Vietnam and Iraq -- Nine Parallels Between Two Wars
By Colman McCarthy
Linguists are saying that Iraq is Arabic for Vietnam?. Politically, tactically and rhetorically, today’s U.S. military presence in Iraq has at least nine major similarities with the Vietnam War--or as the Vietnamese called it, the American War.
In August 1964 President Lyndon Johnson alleged that a North Vietnamese torpedo boat attacked a U.S. vessel in the Gulf of Tonkin. His secretary of Defense, Robert McNamara, said: “While on routine patrol in international waters, the U.S. destroyer Maddox underwent an unprovoked attack.” It was false. No torpedoes were fired. The waters were not international, they were territorial to NorthVietnam. The U.S. destroyer was on a spying mission, not a routine patrol. Shortly after, Johnson persuaded Congress to pass a resolution giving him power to take action. Out of 535 House and Senate members, only two voted no. Bombing North Vietnam began.

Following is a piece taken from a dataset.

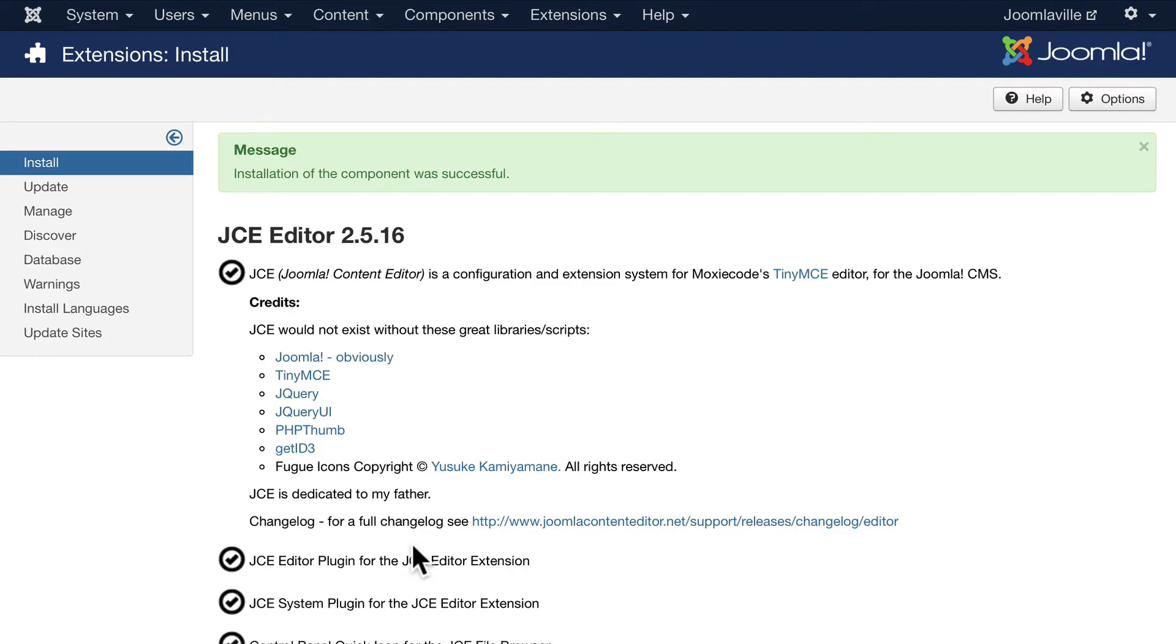There are a lot of add-ons and configuration options we can't cover in this class, but let's at least turn it on. Click on System, Global Configuration, and scroll down to the default editor.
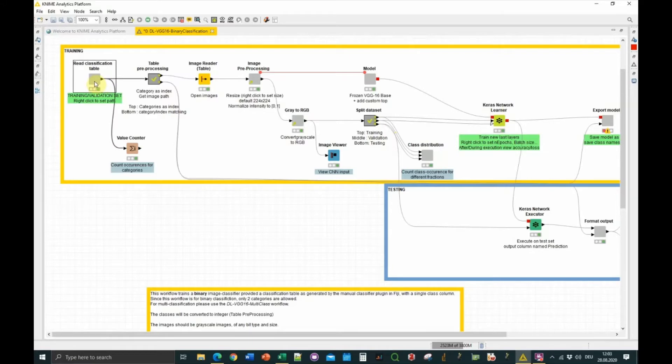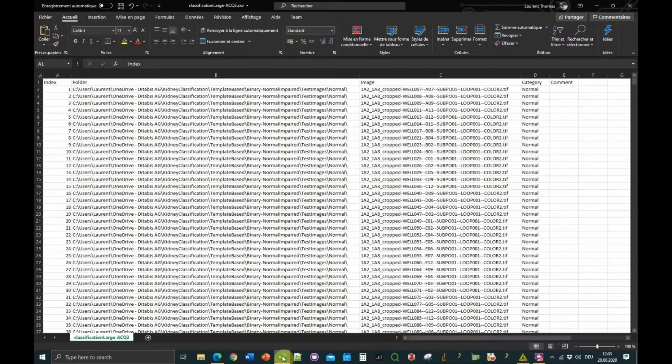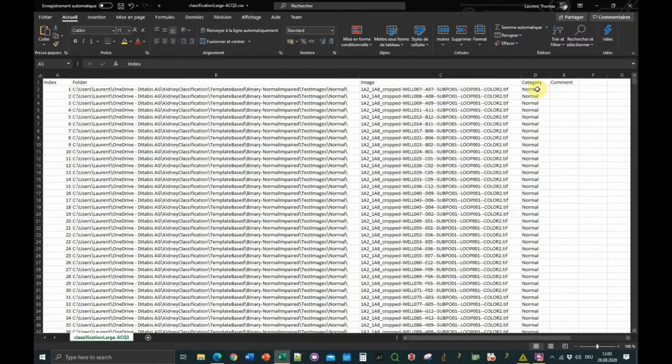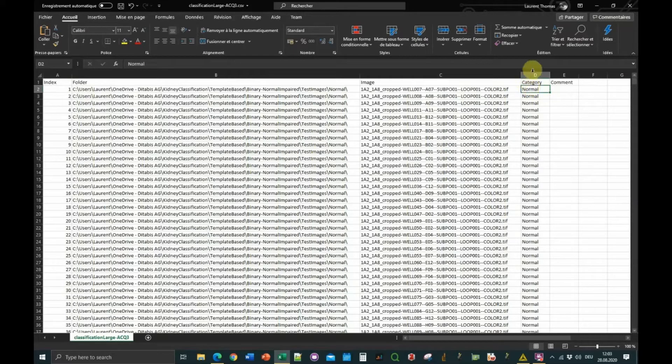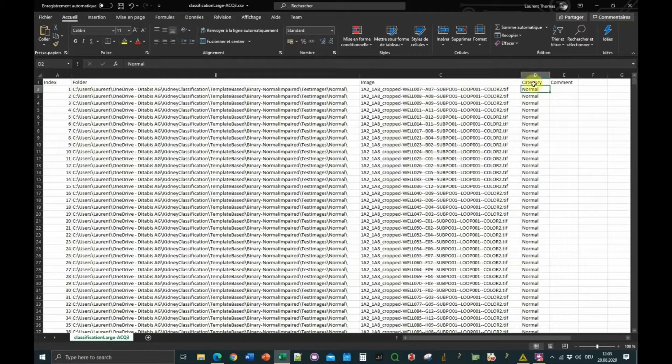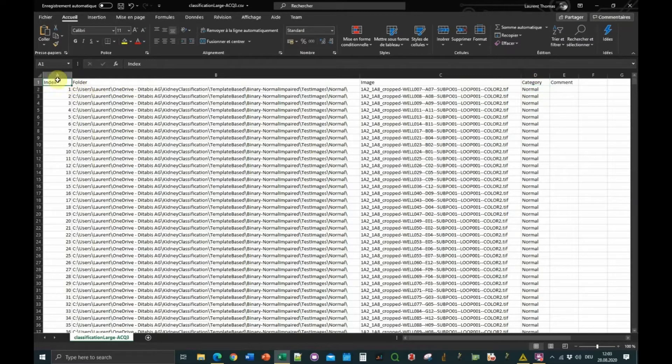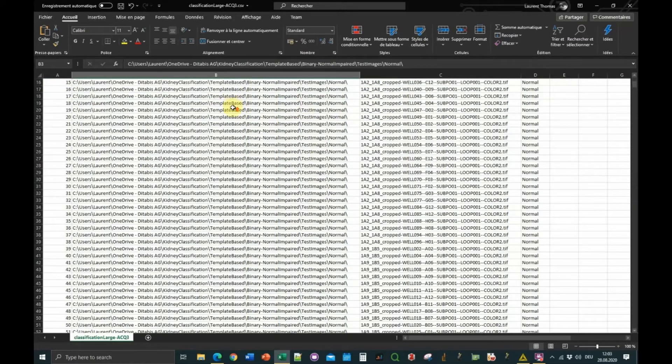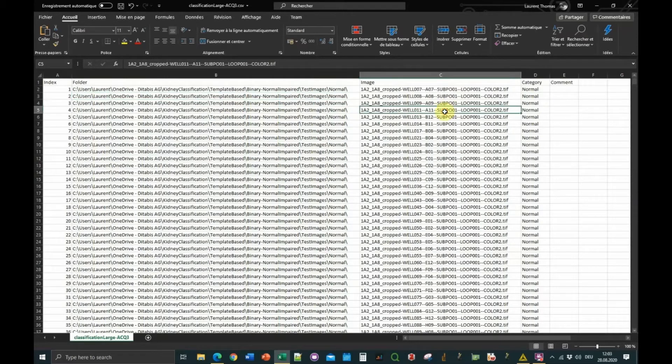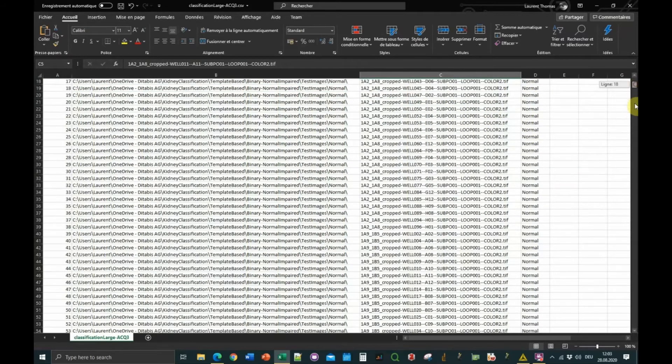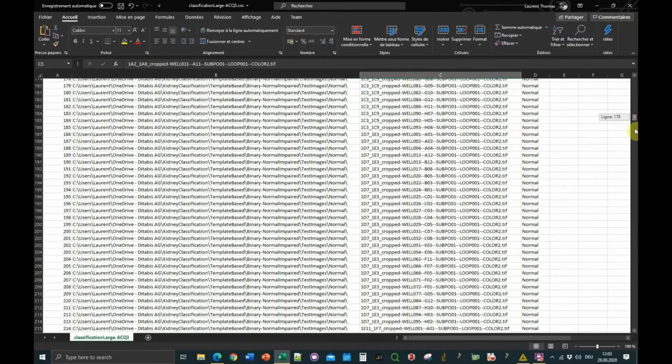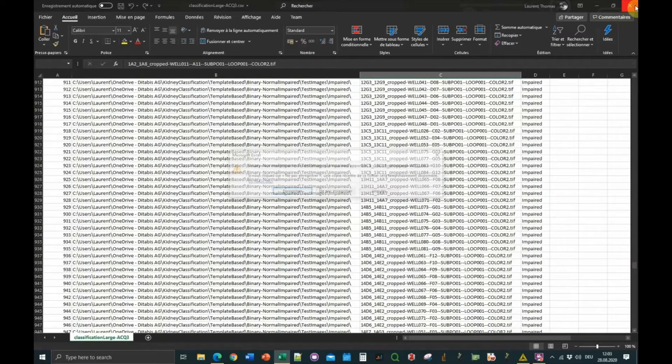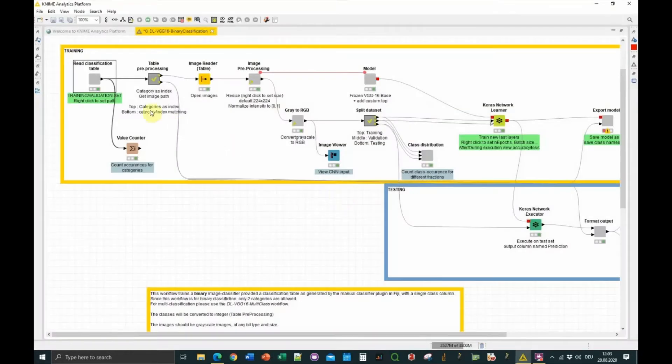The starting point is to load your dataset, the annotation table. In this case, I'm using an annotation table as generated by the single class classifier, because every image is only allowed to belong to a single category. The table should be formatted to a single category column. You see my directory and the file name and the category, so we have two categories: normal and impaired. This file I'm loading into the first node here, and we can look at the output, which is exactly the same as in the Excel file.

George W. Bush justified invading Iraq because it brimmed with weapons of mass destruction (false), it was an imminent threat to the United States (false), it had been trying to buy nuclear material from Niger (false), there were links between Iraq and Al Qaeda (false), and victory would be what his neocon pals were calling “a cakewalk” (false).
Vietnam was a war against communism. In Iraq, it’s a war against terrorism. Fighting isms is like chasing a phantom. What is it? Who is it? Where is it? Why is it? The war planners for Vietnam offered the domino theory: stop communism in Southeast Asia or it will quickly spread to the U.S. War planners for Iraq had their dominos: stop terrorism in the Middle East or it will infest the U.S. Said Bush on November 16: “We’ll defeat the terrorists in Iraq so we won’t have to defeat them here.”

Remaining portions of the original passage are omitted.